GOAL OF THE EXERCISE: Without any images, write the data out exactly as it appears.

MATERIAL PROVIDED:
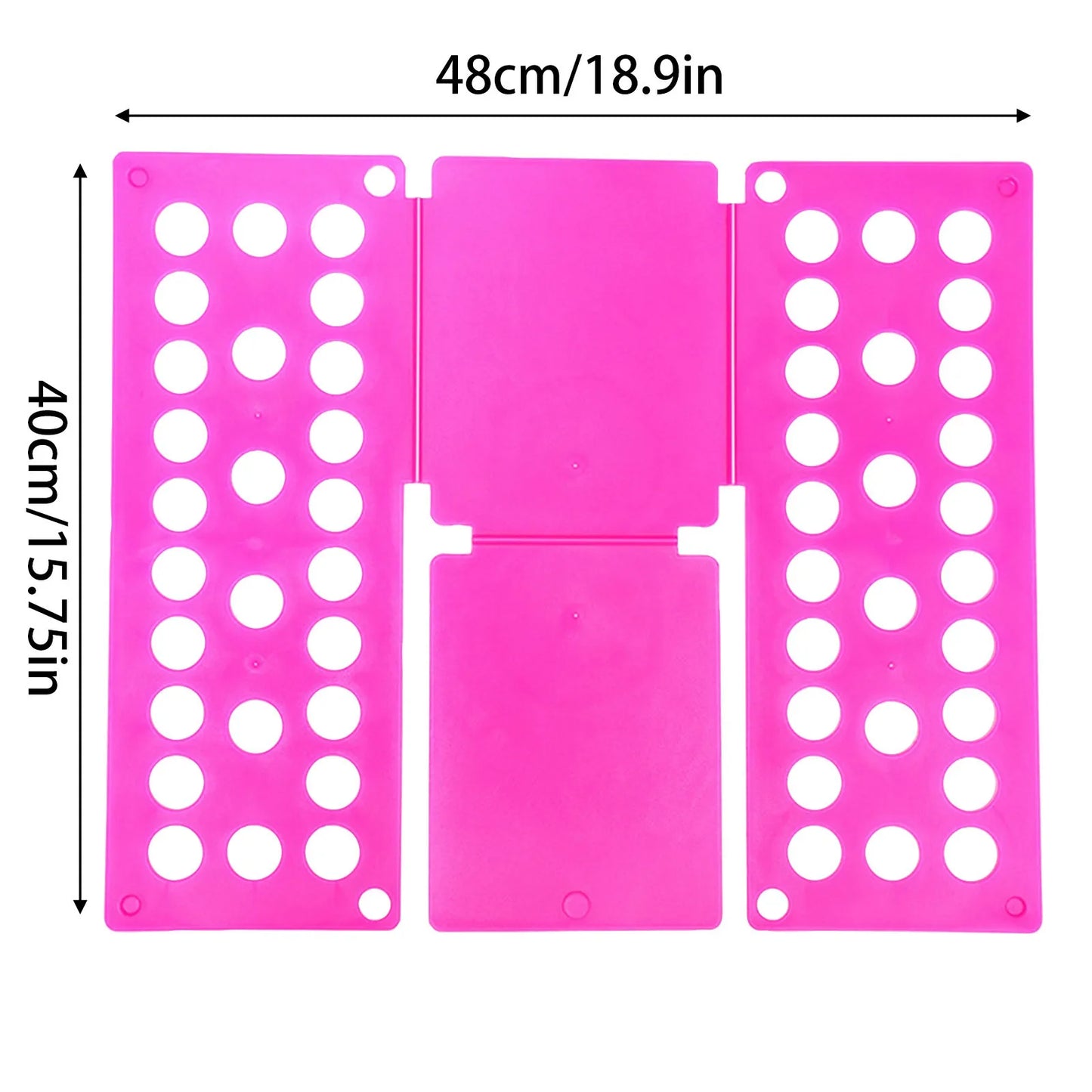 Clothes Folding Board Child Clothing Folder Bender Plastic Practical Detacha Children Lazy T-shirt Folder Laundry Time-saving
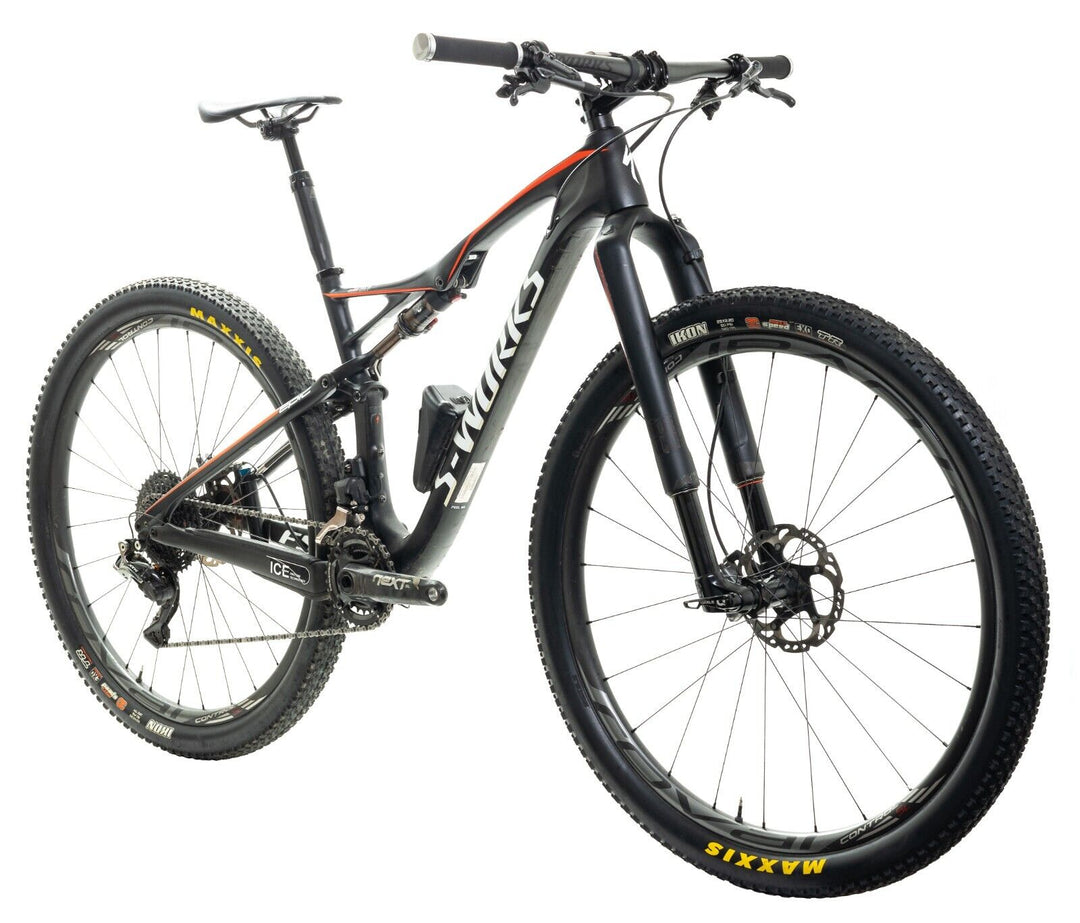 Specialized S-Works Epic 2x 11s 29" Carbon Mtn Bike MEDIUM Shimano Di2 XTR 2017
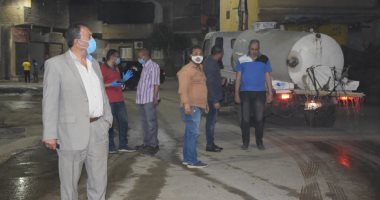 صور.. حملات نظافة وتجميل بمدينة الأقصر خلال حظر التجوال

THE COMPLETED TASK:
 Clothes Folding Board Child Clothing Folder Bender Plastic Practical Detacha Children Lazy T-shirt Folder Laundry Time-saving
 Specialized S-Works Epic 2x 11s 29" Carbon Mtn Bike MEDIUM Shimano Di2 XTR 2017
 صور.. حملات نظافة وتجميل بمدينة الأقصر خلال حظر التجوال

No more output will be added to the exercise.